EXERCISE GOAL:
Restate all of the entries exactly, dropping any pictures they hold.

RECORDS FOR PROCESSING:

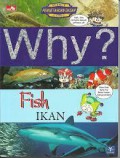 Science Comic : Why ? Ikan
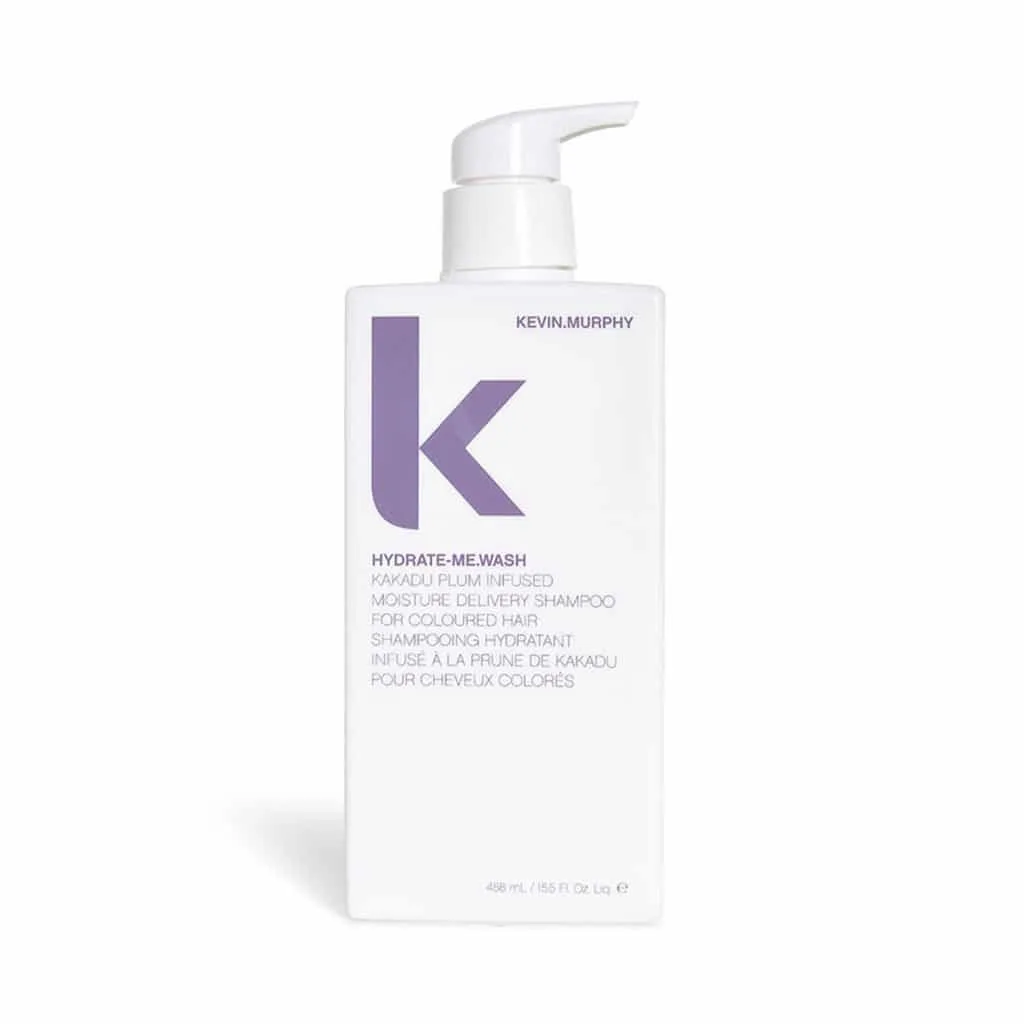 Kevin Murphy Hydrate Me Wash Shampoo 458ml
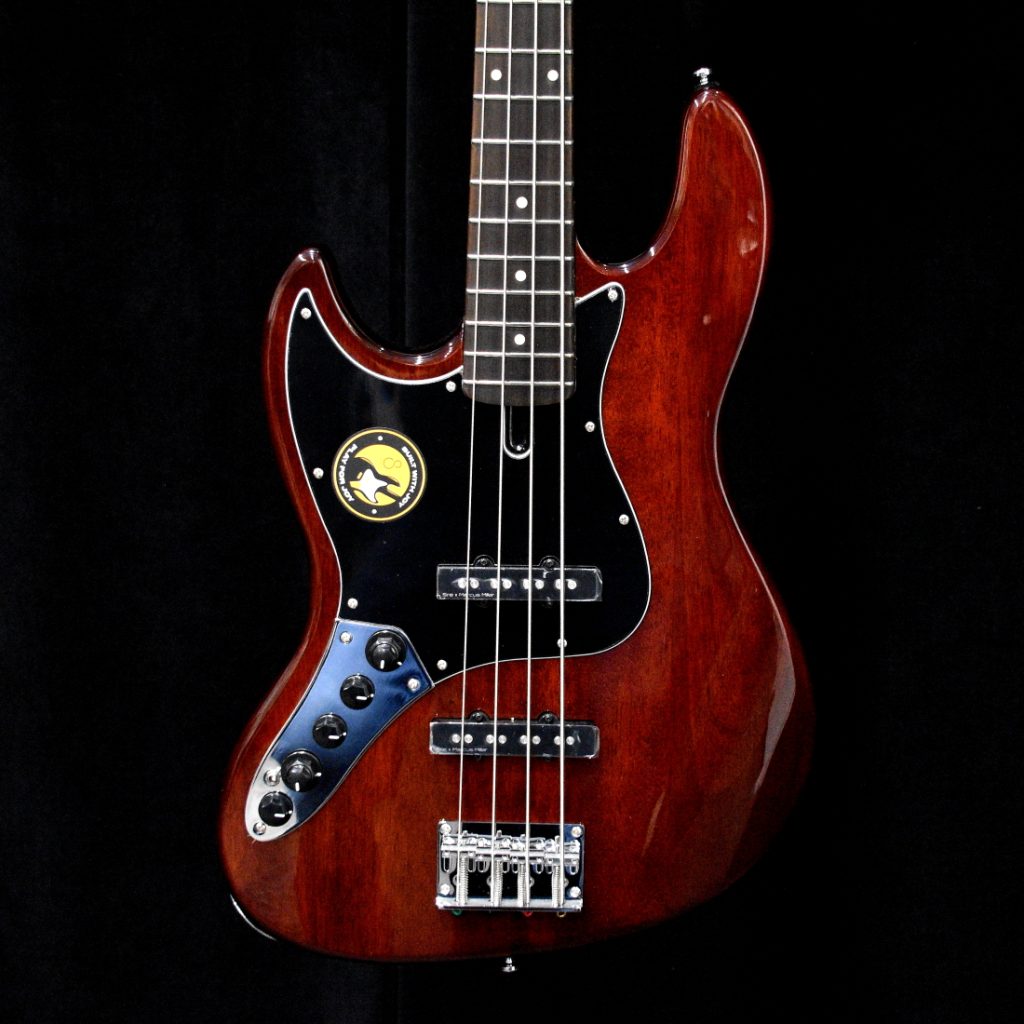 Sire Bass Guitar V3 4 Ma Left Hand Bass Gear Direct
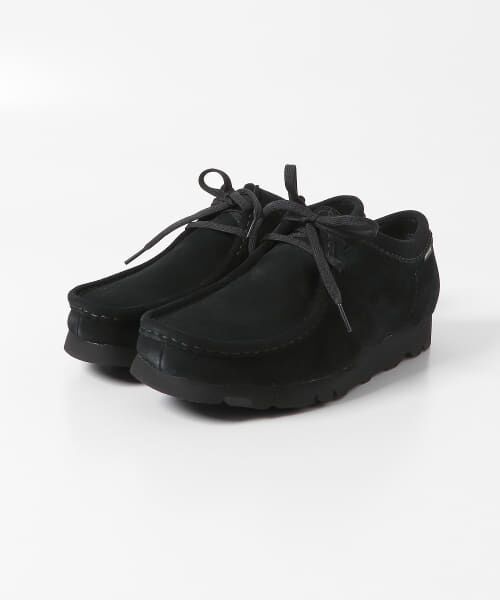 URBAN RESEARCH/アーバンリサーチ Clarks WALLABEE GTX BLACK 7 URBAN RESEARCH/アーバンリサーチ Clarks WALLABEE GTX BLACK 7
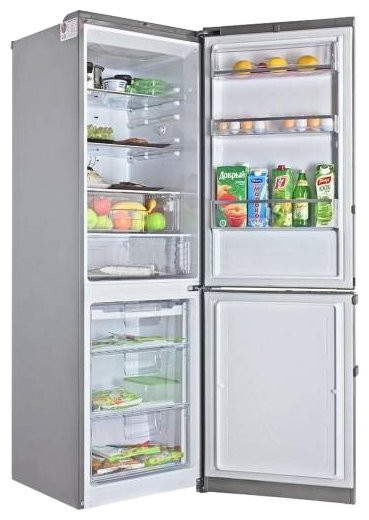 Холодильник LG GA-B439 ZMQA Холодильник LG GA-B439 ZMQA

SOLVED PROBLEM:
 Science Comic : Why ? Ikan
 Kevin Murphy Hydrate Me Wash Shampoo 458ml
 Sire Bass Guitar V3 4 Ma Left Hand Bass Gear Direct
 URBAN RESEARCH/アーバンリサーチ Clarks WALLABEE GTX BLACK 7 URBAN RESEARCH/アーバンリサーチ Clarks WALLABEE GTX BLACK 7
 Холодильник LG GA-B439 ZMQA Холодильник LG GA-B439 ZMQA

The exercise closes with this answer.